I would like to share my thoughts on 3DV 2020 paper "Benchmarking Image Retrieval for Visual Localization" by Pion et.al.

What is the paper about?

How one would approach visual localization? The most viable way to do it is hierarchical approach, similar to image retrieval with spatial verification.

You get the query image, retrieve the most similar images to it from some database by some efficient method, e.g. global descriptor search. Then given the top-k images you estimate the pose of the query image by doing two-view matching, or some other method.

The question is -- how much influence the quality of the image retrieval has? Should you spend more or less time improving it? That is the questions, paper trying to answer.

Authors design 3 re-localization systems.

  1. "Task 1" system estimates the query image pose as average of the short-list images pose, weighted by the similarity to the query image.

  2. "Task 2a" system performs pairwise two-view matching between short-list images and query triangulates the query image pose using 3d map built from the successully matches images.

  3. "Task 2b" pre-builds the 3D map from the database images offline. At the inference time, local feature 2d-3d matching is done on the shortlist images.

What is benchmarked?

The paper compares

  • SIFT-based DenseVLAD

and CNN-based

What is important (and adequately mentioned in the paper, although I would prefer the disclamer in the each figure) is that all CNN-based methods have different architectures AND training data. Basically, the paper uses author-released models. Thus one cannot say if APGeM is better or worse than NetVLAD as method, because they were trained on the very different data. However, I also understand that one cannot easily afford to re-implement and re-train everything.

As the sanity check paper provides the results on the Revisited Oxford and Paris image retrieval benchmark.

Summary of results

Paper contains a lot of information and I definitely recommend you to read it. Nevertheless, let me try to summarize paper messages and then my take on it.

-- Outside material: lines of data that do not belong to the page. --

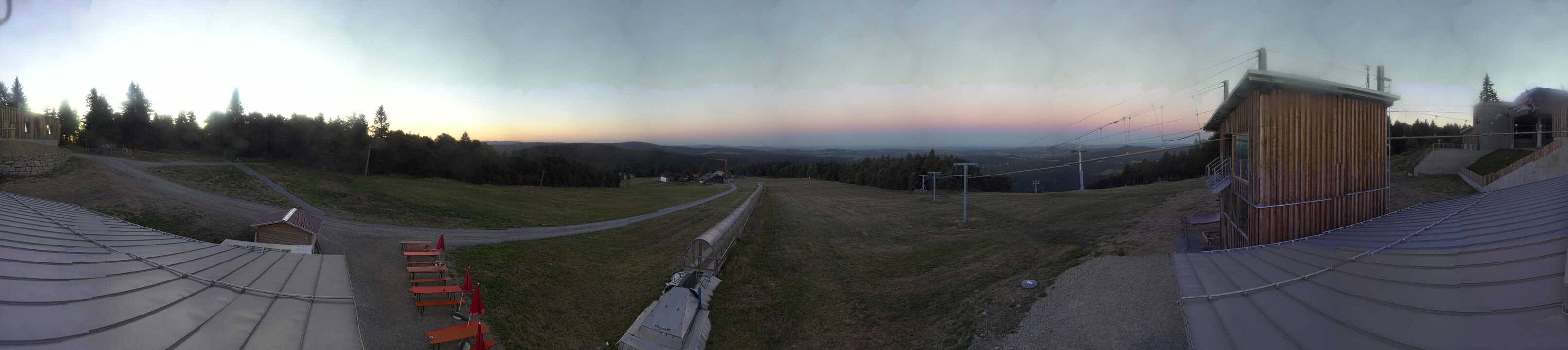 Archiv Foto Webcam Mitterdorf: Bergstation Almberglift
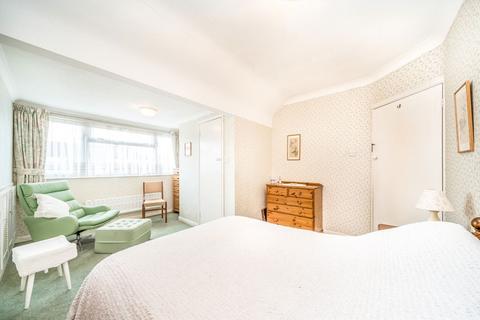 undefined, Hall Farm Drive, Twickenham TW2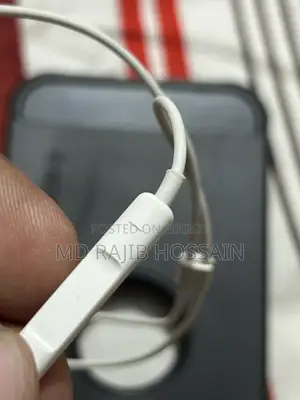 iPhone Lightning Earphone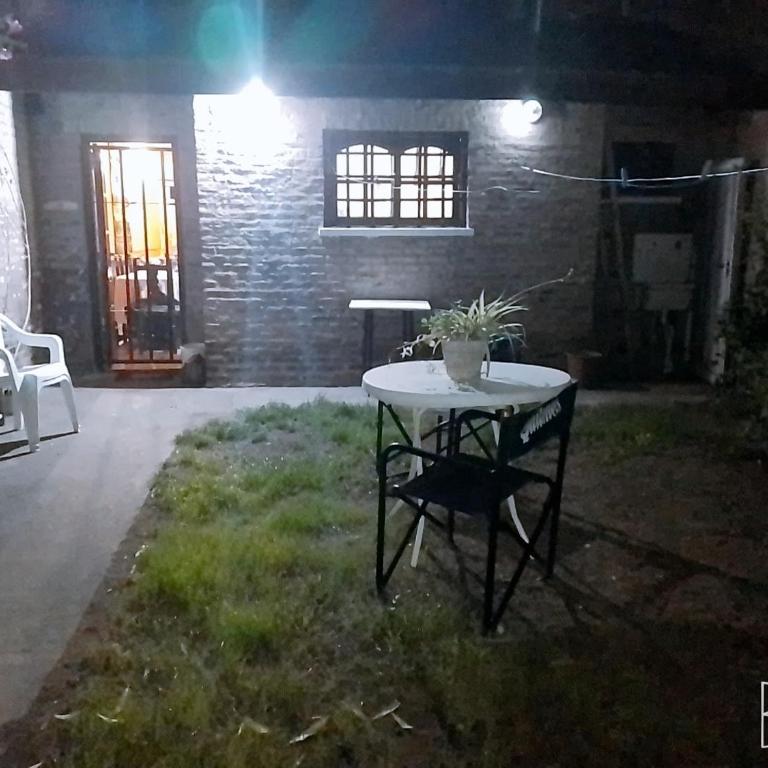 Duplex 109 y 5 - Two-Bedroom House - 2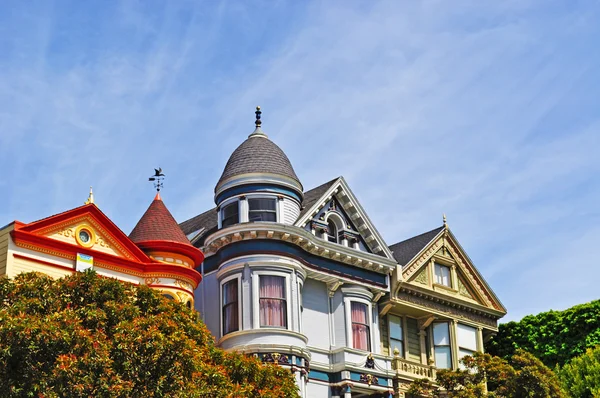 San Francisco, California: una fila de coloridas y perfectamente conservadas casas históricas eduardianas y victorianas — Foto de Stock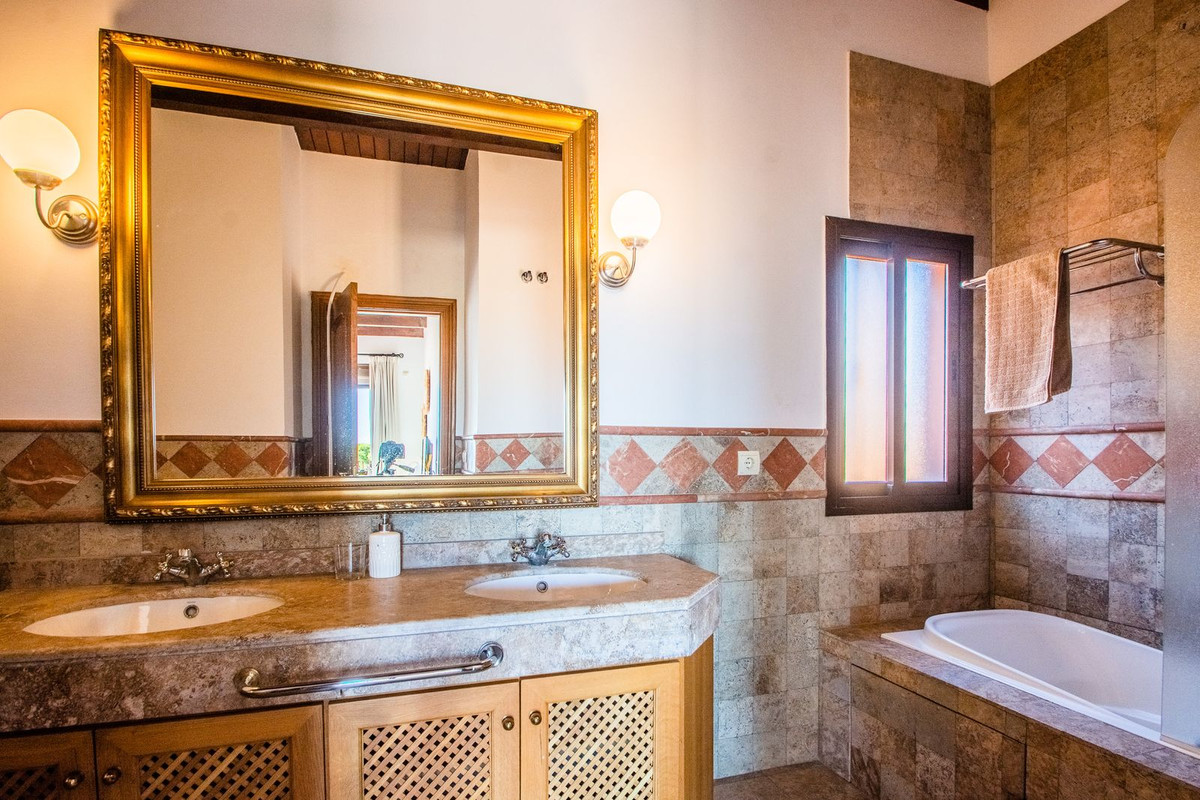 2 Bed Apartment for sale in Cancelada Costa Del Sol, Málaga, Spain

  1. For the task1 (similarity-weighted pose) there is no clear winner. (SIFT)-DenseVLAD works the best for the daytime datasets. Probably DenseVLAD is good because it is not invariant and if it can match images, they are really close -> high pose accuracy. For the night both DeLG and AP-GeM are good. As paper guesses, that it because they are only ones, which were trained on night images as well. image.png
  1. There is almost no difference between CNN-based methods for the task2a and task2b (retrieval -> local features matching). This indicates that the limit is the mostly in the number of images and local features.

image.png

image.png

My take-away messages

Image Relocalization seems to be is more real-world and engineering task, than image retrieval.

And that it why it actually ALREADY WORKS, because if there some weak spot, it is compensated by the system design. Thhe same conclusion from our IMC paper, experiment with ground truth -- if you have 1k images for the 3d model, you can use as bad features, as you want. The COLMAP will recover anyway

image.png

The retrieval, on the other hand is more interesting to work on, because it is kind of deliberately hard and you can do some fancy stuff, which do not matter in the real world.

Task1 (global descriptor-only) system are quite useless now

Unless we are speaking about the quite dense image representation. I mean, top-accuracy is 35% vs almost 100% for those, which include local features.

Good news: it has a LOT of space for the improvement to work on.

For the task 2a and 2b, robust global descriptors are a way to do the retrieval, sorry VLAD.

The precision will come from the local features. Which I like a lot, because VLAD is more complex to train and initalize, I never liked it (nothing personal).

For the task2a and 2b we need new metrics, e.g. precisition @ X Mb memory footprint

Because otherwise, the task is easily solved by the brute force -- either by photo taking, or, at least with image syntesis, see 24/7 place recognition by view synthesis.

Such steps are already taken in the paper Learning and aggregating deep local descriptors for instance-level recognition -- see the table with memory footprint.

image.png

That is how one could have an interesting research challenge, also having some grounds in the real-world -- to work in mobile phones. Otherwise, any method would work, if the database is dense enough.

Robust local features matter for illumination changes

It is a bit hidden in the Appendix, so go directly to the Figure 9. It clearly shows that localization performance is bounded by SIFT, if it is used for two view matching, making retrieval improvements irrelevant. When R2D2 or D2Net are used for matching instead, the overall results for night-time are much better.

image.png

That is in line with my small visual benchmark I did recently.

https://twitter.com/ducha_aiki/status/1330495426865344515

image.png

That's all, folks! Now please, check the paper and the code they provided.